LSE DS202W - Data Science for Social Scientists

2024/25 Winter Term

Author
Important

🚧 This website is under construction. Pages will keep being updated in the next few weeks!

Here is how you will be assessed in this course.

Context

Your grade in this course consists of two main components:

  1. COURSEWORK (60%): This component includes two individual problem sets, each contributing to the same percentage of your final grade (30%, and 30%). You’ll need to submit these assignments via GitHub Classroom, following the deadlines specified in the 📓 Syllabus.

  2. GROUP PROJECT (40%): This will take place in Spring Term over a period of two weeks. It will be based on all the material covered in the course. More specific details will be provided in due course.

📝 Individual Problem Sets

We aim to provide feedback on your work within two to three weeks after the submission deadline (🤞).

These problem sets will have a similar style to the formative problem sets, and exercises done in the labs – although a bit more challenging. Typically, this will involve a mix of Python tasks and your written interpretation of the analyses.

Important

Just so we are very clear from the start, if you want to do well in this course, simply writing code that works is not enough!

Lining up (minimally commented) code block after after code block will never result in a good mark and will even be penalized.

We need to understand your thought processes e.g why you chose the particular models you chose to solve the problem at hand, why you selected the parameters you trained your models with, why you’re evaluating your models the way you are and how you are interpreting your evaluation metrics in the context of your dataset/problem.

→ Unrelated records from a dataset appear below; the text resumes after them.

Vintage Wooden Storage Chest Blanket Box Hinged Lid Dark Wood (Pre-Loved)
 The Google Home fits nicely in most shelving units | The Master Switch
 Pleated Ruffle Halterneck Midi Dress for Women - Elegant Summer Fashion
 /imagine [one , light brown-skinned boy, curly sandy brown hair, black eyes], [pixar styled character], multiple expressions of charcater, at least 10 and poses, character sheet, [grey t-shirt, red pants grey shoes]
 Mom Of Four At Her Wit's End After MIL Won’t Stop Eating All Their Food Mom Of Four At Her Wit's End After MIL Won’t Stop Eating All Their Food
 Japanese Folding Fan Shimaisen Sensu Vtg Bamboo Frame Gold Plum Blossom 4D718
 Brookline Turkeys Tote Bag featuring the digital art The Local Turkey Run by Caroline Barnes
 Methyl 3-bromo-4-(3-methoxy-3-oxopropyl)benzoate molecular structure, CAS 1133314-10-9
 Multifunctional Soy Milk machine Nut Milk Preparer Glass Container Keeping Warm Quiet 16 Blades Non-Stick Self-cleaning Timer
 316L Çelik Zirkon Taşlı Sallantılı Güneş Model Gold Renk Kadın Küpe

Code on its own is meaningless and you’ll always be asked to comment it, explain it and interpret its results. Your explanations of your modeling process and interpretations of modeling results are much more important than the code blocks themselves! The code is simply the tool to help you do your modeling.

Formative

Simple practice problem set
(due Week 04 and to be announced in Week 03’s lecture)

We want you to practice:

  • Submitting work via GitHub Classroom
  • Using Quarto markdown
  • Writing simple Python code (using scikit-learn/pandas)
  • Fitting and applying basic supervised machine learning models for prediction (regression)


Formative

Supervised learning practice problem set
(due Week 06 and to be announced in Week 05’s lecture)

We want you to practice:

  • Submitting work via GitHub Classroom
  • Using Quarto markdown
  • Know how to fit and apply supervised machine learning models for classification
  • Know how to evaluate and compare fitted models and select models
  • Practice writing justifications for modeling choices and interpretations of contextualized evaluation metrics


30%

Problem Set 01 — Supervised learning
(due Week 09)

See the 🎯 Learning Objectives involved


  • Know how to fit and apply supervised machine learning models for classification and prediction.
  • Apply the methods learned to real data through hands-on exercises.
  • Know how to evaluate and compare fitted models, and to improve model performance.


30%

Problem Set 02 — Unsupervised learning
(Spring Term)

See the 🎯 Learning Objectives involved


  • Understand when and where to apply unsupervised learning techniques (e.g clustering or anomaly detection) and what differentiates them from supervised learning.
  • Practice dimensionality reduction techniques.
  • Apply the methods learned to real data through hands-on exercises.
  • Integrate the insights from data analytics into knowledge generation and decision-making.
  • Understand an introductory framework for working with natural language (text) data using techniques of machine learning.

✍️ Group project (40%)

  • A group project that lasts two weeks.
  • Students are introduced to datasets (and associated “research questions”) on the first day of the project.
    Students are asked to rank projects by order of preference by the end of the day. By the end of day 1, students are assigned to a group (no more than 4 students per group).
  • There are two check-in points with lecturer/teachers during the project to discuss the direction of the project.
  • A Quarto project report should be submitted at the end of the two weeks.

40%

Group project
(Spring Term)

  • The group project will be based on all the material covered in the course, including the lectures, labs, problem sets and applications (W09-W11).